The same logic applies across sectors. Legal AI trained on decades of European case law. Manufacturing AI trained on proprietary process data from firms that have been refining those processes since before Silicon Valley existed. Agricultural AI trained on European soil science, climate patterns, and crop data. In each case, the value comes not from the underlying model architecture but from the domain knowledge baked into the fine tuning.

What Europe should actually invest in

If the goal is genuine digital sovereignty combined with genuine economic benefit from AI, the investment priorities look quite different from building a flagship European LLM.

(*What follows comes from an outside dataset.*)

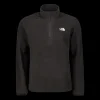 Resolve Fleece 1/4 Zip, fleecetröja, herr - Fleecetröjor - Resolve Fleece 1/4 Zip, fleecetröja, herr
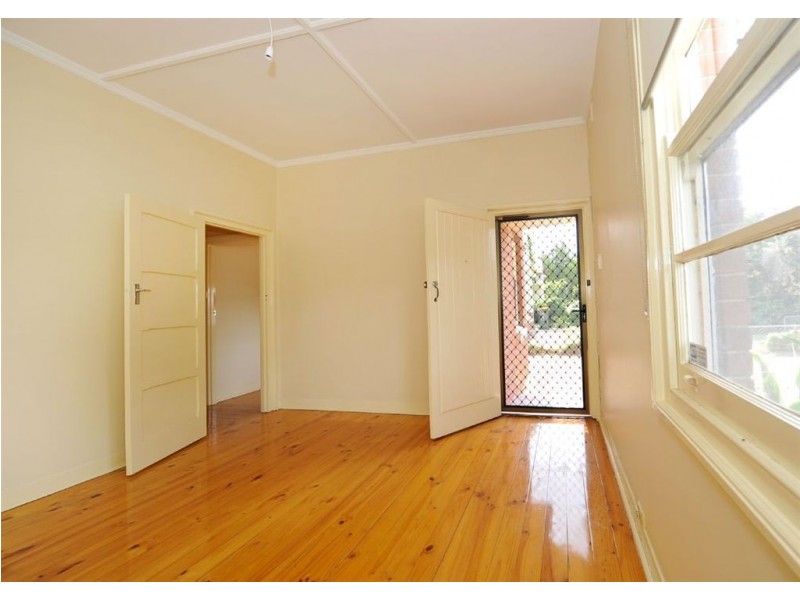 21 Vincent Street, South Plympton SA 5038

First, shared infrastructure for running open source models inside European borders. Not one model, but the computational and organisational capacity to host, run, and update models domestically across sectors. This keeps data within European jurisdiction and eliminates the single point of failure risk that comes with dependence on foreign platforms.

Second, domain specific fine tuning programmes for key European industries. Public funding mechanisms that incentivise data sharing between European firms within sectors, under clear governance frameworks, to produce specialised models that encode genuinely European expertise.

Third, research investment in model efficiency rather than model scale. This is an area where European academic institutions have strong foundations. The question of how to get more from smaller, more efficient models is arguably more important for Europe's position than the question of who can train the largest one.

Fourth, regulatory frameworks that make European AI trustworthy rather than just European. The AI Act is already shaping global norms in ways that create real soft power. Building on that through clear standards for transparency, auditability, and data governance turns a perceived disadvantage into a structural asset.

Digital sovereignty doesn't mean building your own version of something someone else already does better. It means ensuring that the critical processes of your economy don't depend on another party's goodwill, business model, or geopolitical calculations.

Open source models, running on European infrastructure, fine tuned on European industrial data, operating under European law. That is a sovereignty strategy. Spending the next decade trying to close a parameter gap with companies that have structural advantages Europe cannot replicate in that timeframe is not.

The value was never in owning the model. It was always in knowing what to do with it. And on that question, Europe has more to work with than it seems to realise.